== Work required ==
Your answer must restate the listing below word for word and contain no images.

== Supplied material ==
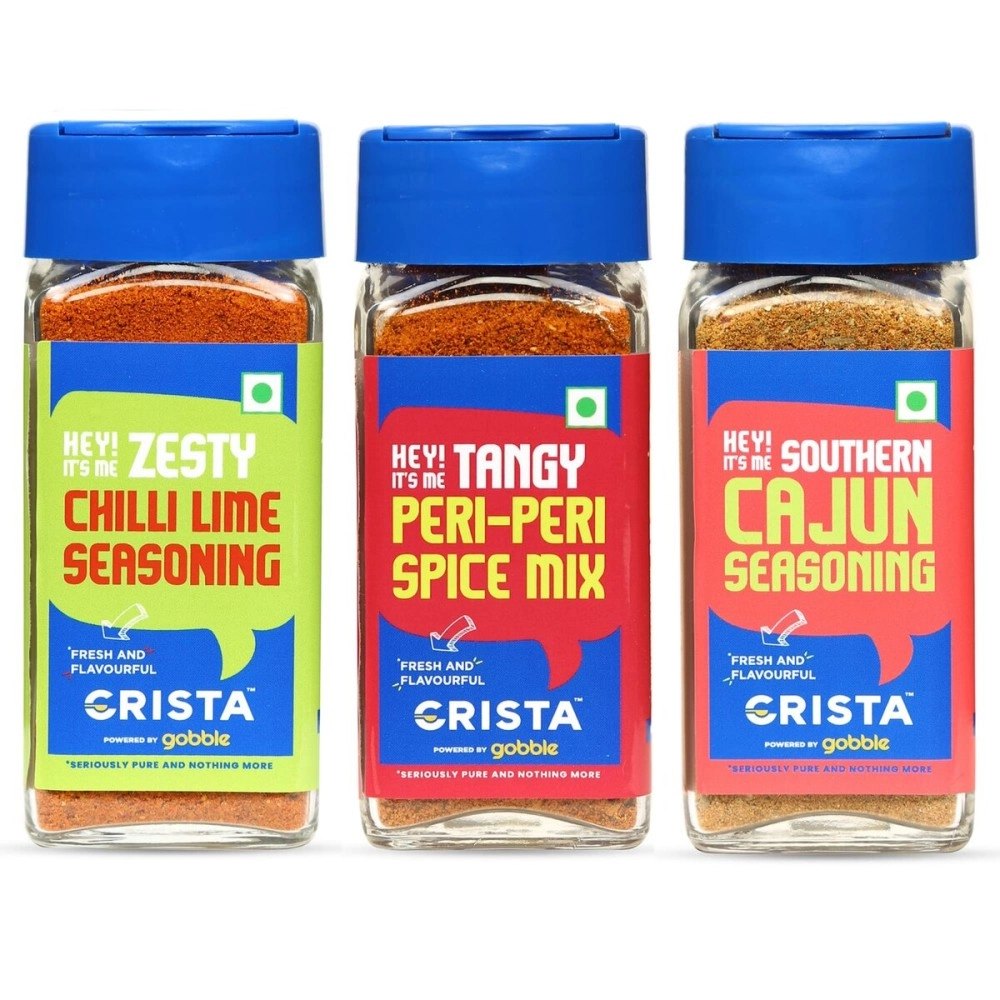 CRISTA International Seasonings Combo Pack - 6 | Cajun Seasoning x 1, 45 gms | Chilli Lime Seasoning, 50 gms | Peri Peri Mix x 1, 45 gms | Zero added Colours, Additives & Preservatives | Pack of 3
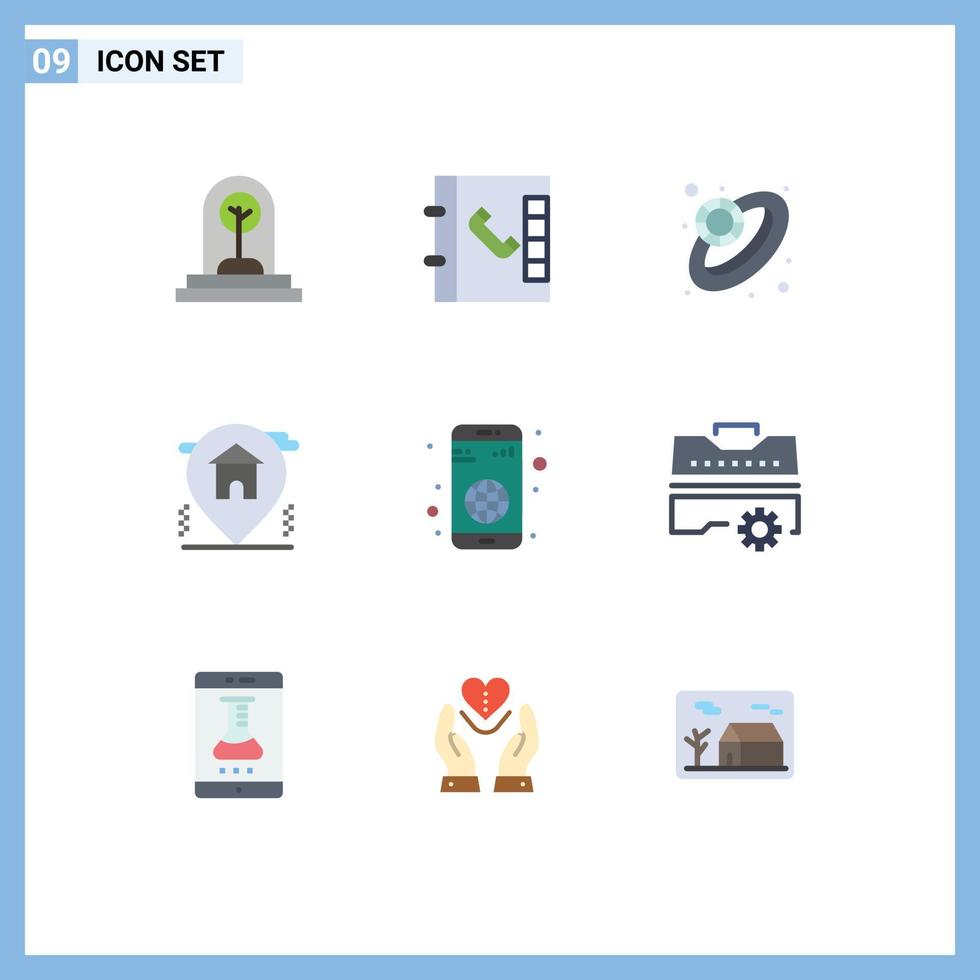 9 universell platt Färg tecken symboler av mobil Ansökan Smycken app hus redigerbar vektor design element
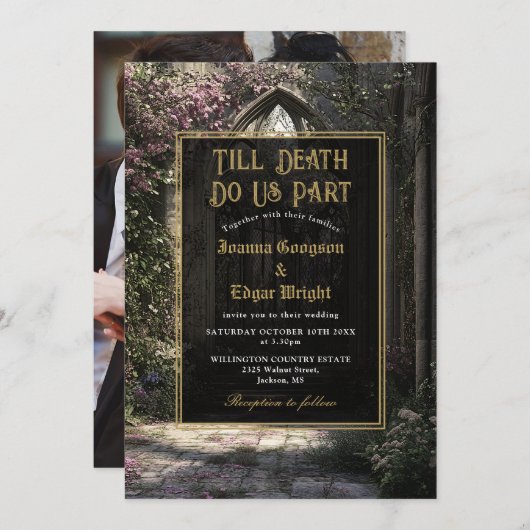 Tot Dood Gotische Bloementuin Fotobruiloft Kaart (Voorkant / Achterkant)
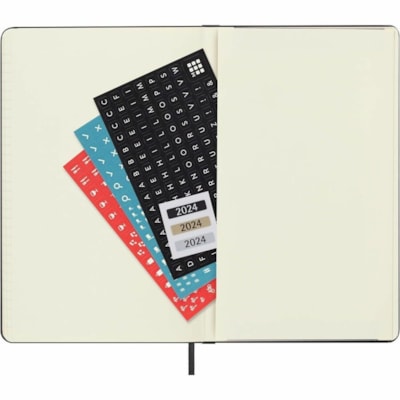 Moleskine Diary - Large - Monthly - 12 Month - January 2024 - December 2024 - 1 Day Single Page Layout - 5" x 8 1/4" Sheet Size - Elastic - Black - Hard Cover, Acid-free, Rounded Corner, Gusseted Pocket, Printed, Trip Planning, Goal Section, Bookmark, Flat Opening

== Reply ==
 CRISTA International Seasonings Combo Pack - 6 | Cajun Seasoning x 1, 45 gms | Chilli Lime Seasoning, 50 gms | Peri Peri Mix x 1, 45 gms | Zero added Colours, Additives & Preservatives | Pack of 3
 9 universell platt Färg tecken symboler av mobil Ansökan Smycken app hus redigerbar vektor design element
 Tot Dood Gotische Bloementuin Fotobruiloft Kaart (Voorkant / Achterkant)
 Moleskine Diary - Large - Monthly - 12 Month - January 2024 - December 2024 - 1 Day Single Page Layout - 5" x 8 1/4" Sheet Size - Elastic - Black - Hard Cover, Acid-free, Rounded Corner, Gusseted Pocket, Printed, Trip Planning, Goal Section, Bookmark, Flat Opening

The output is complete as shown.